From drone data to canopy height model
© Forests4Future, GIZ
Drone Data
Drones play a pivotal role in the 3LD-Monitoring system, complementing other data collection methods.Drones are essential tools in partner countries to fortify technical skills among local staff. These skills encompass flight planning, navigation and image evaluation. The drone monitoring aims to empower project staff to capture data tailored for photogrammetric analyses, from which crucial geoinformation emerges.
The drone mapping methodology encompasses five stages, with the first two focusing on drone operations:
- Mapping mission preparation (desktop work)
- Mapping mission execution (fieldwork)
- Development of Digital Surface Model (DSM) & Orthomosaic generation (desktop work)
- Data analysis and refinement (desktop work)
- Integration into the prevailing data system (desktop work)
Drone data aids in evaluating indicators linked to carbon/biomass, such as mortality rates and forest types. Notably, with the application of allometric equations and proper characterization of the land type, above-ground biomass estimations of trees can be determined.
Drones with pre-set flight planning capability ensure seamless orthophoto creation from individual images. This enables individual snapshots to seamlessly merge into an orthophoto (aerial photograph corrected for distortions, allowing accurate measurements). It's also vital to consider the availability of these drones in the local markets of partner countries. Leveraging local knowledge by involving local academia is paramount in this process. They can provide essential allometric equations, grounded in tree height, that facilitate precise biomass calculations.
Drones generate high resolution images, allowing a detailed overview of land cover changes, tree survival and erosion rates, among others.

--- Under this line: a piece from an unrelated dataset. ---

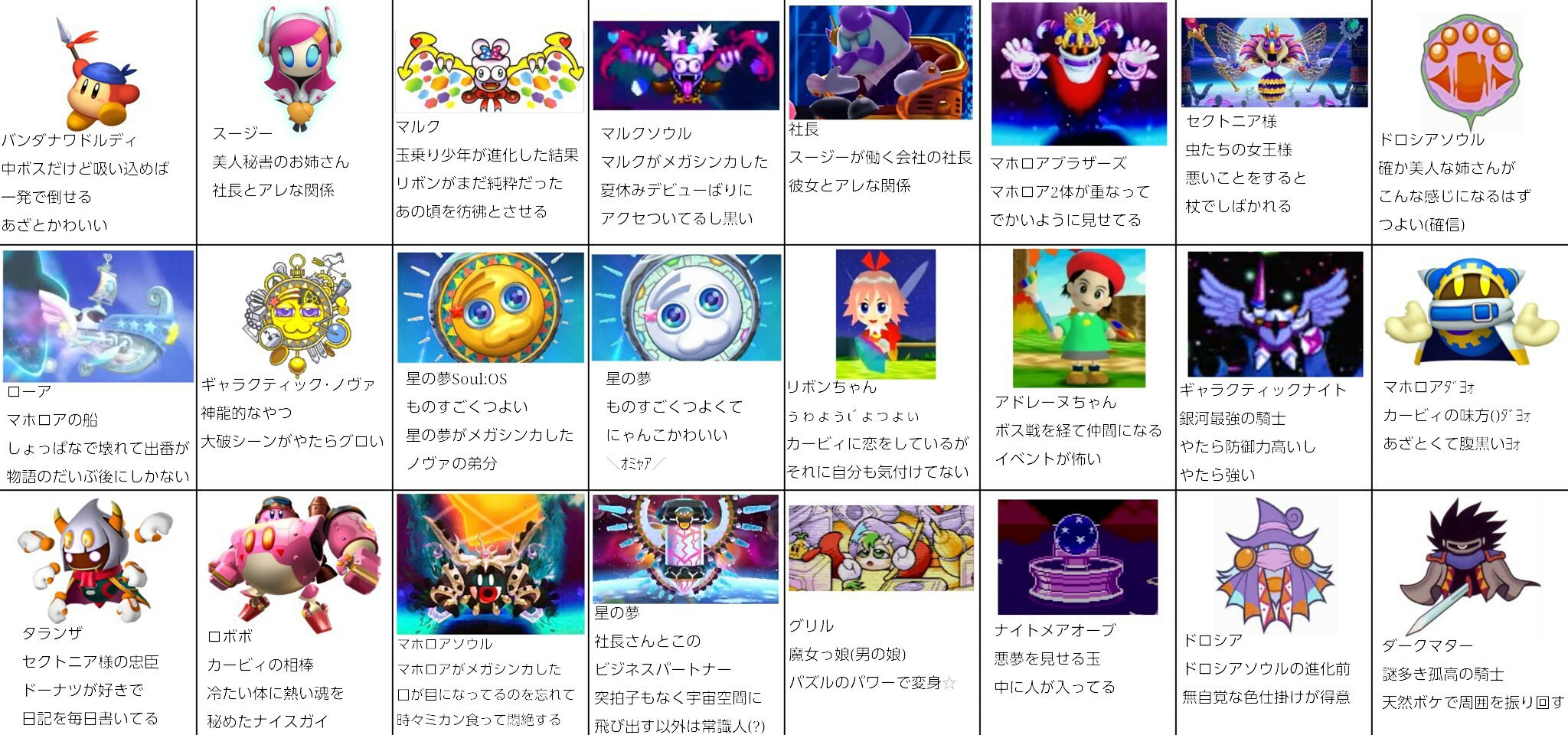 イザベラ Na Twitteru カービィミリしら こちらのミリしらをお借りしました カービィシリーズは少しかじってるのでミリしらでも何でもないような気がしますが多目に見てください T Co Pd2bnnys3i イザベラ Na Twitteru カービィミリしら こちらのミリしらをお借りしました カービィシリーズは少しかじってるのでミリしらでも何でもないような気がしますが多目に見てください T Co Pd2bnnys3i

Combined with field data, drone-based monitoring is strengthened, guaranteeing a sound monitoring.
The heterogeneity of trees and vegetation density often hinders a sound extraction of common key points between the images, which is necessary to estimate the heights and other indicators. In this regard, increasing the overlap between images to a minimum of 85 % frontal and side overlap can improve the extraction of key points. Also, increasing the flight height of the drone reduces perspective distortion, which facilitates the detection of visual similarities between overlapping images. However, too much overlapping, i.e., high overlapping percentages result in higher amount of data, making data processing more time intensive.
Another aspect already mentioned is the availability of suitable drones in the partner countries. Importing drones to the respective countries is difficult, and bureaucratic barriers persist.